Frutos silvestres. Duas palavras. E com elas, todo um imaginário. De árvores altas por onde a luz tem de abrir caminho. Heras emaranhadas, a tornar o chão que se pisa um mistério a cada passo. E achar que quase podia ser como quando se era criança. Por se acreditar que havia gnomos a viver nos troncos das árvores muito grandes. Ou que debaixo do chão, um mundo de fábulas respirava. Lembro-me de perguntar à minha mãe quais eram os "frutos silvestres". Quais eram as árvores dos frutos silvestres. Lembro-me de me dizer que as amoras de que eu gostava tanto, eram isso mesmo. Silvestres. E sem mais, os frutos silvestres passaram a ser todos os frutos que eram como as amoras que me escureciam as mãos, quando era pequena. Que cresciam onde lhes apetecia. Que podiam ser encontrados quando menos se esperava. Num caminho. Num muro. Depois disso, até que podia ser provável haver um outro gnomo. A espreitar por entre as árvores muito altas. Ou quem sabe uma fada. A desaparecer rápido na luz que atravessa os bosques. A outra palavra que veio com "frutos silvestres". Porque é diferente dizer bosques. Quando se diz "bosques", está-se de repente num lugar onde dormem todas as criaturas que vivem dos e nos nossos sonhos de criança. Ou, no limite, a querer muito fazer um doce que é estas palavras todas juntas.
Doce de frutos silvestres
750 g de frutos silvestres (podem ser congelados, que não faz mal) + 600 g de açúcar + sumo de metade de um limão + meio cálice de Vinho do Porto.

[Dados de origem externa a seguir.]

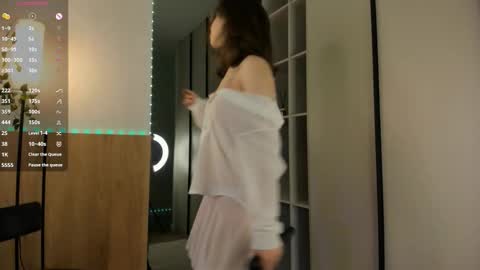 Julia online show from November 2025 08:08:02 PM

Tudo num tacho largo. Fogo forte nos primeiros dez minutos. E fraco nos 50 minutos a seguir. Faz-se quase sozinho, este doce. Mas precisa de atenção. Mais ou menos de 15 em 15 minutos, um gesto muito elementar: mexer durante uns segundos.

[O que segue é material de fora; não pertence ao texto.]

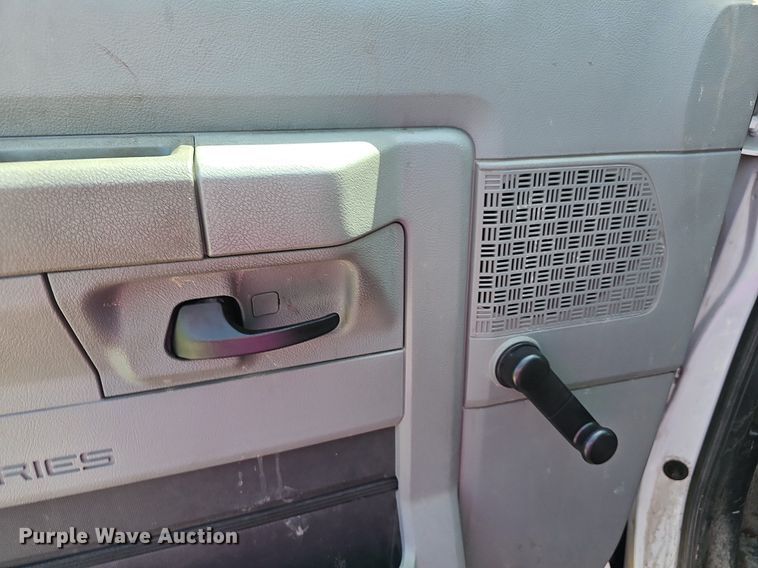 image for item DN8610 2012 Ford E350 Super Duty  van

Retira-se depois dos tais cinco minutos. Ou até atingir o ponto de estrada (Coloca-se uma porção de doce num prato e, com uma colher, abre-se uma "estrada". Se se mantiver com essa configuração, chegámos ao tal ponto a que era preciso chegar).
E depois de bem frio, vem a parte que é quase mágica. Por nos lembrarmos do que havia ainda há pouco. Ainda há pouco, não havia doce. Havia só os frutos. E depois não. Passou a haver frascos com um doce feito por nós. E sentirmo-nos fadas por um bocadinho. Não aquelas do lar. Não as do outro imaginário entediante. Fadas a sério. Como as que não existem. Só nas histórias. E muito silvestres, de indisciplinadas. Tal e qual os frutos.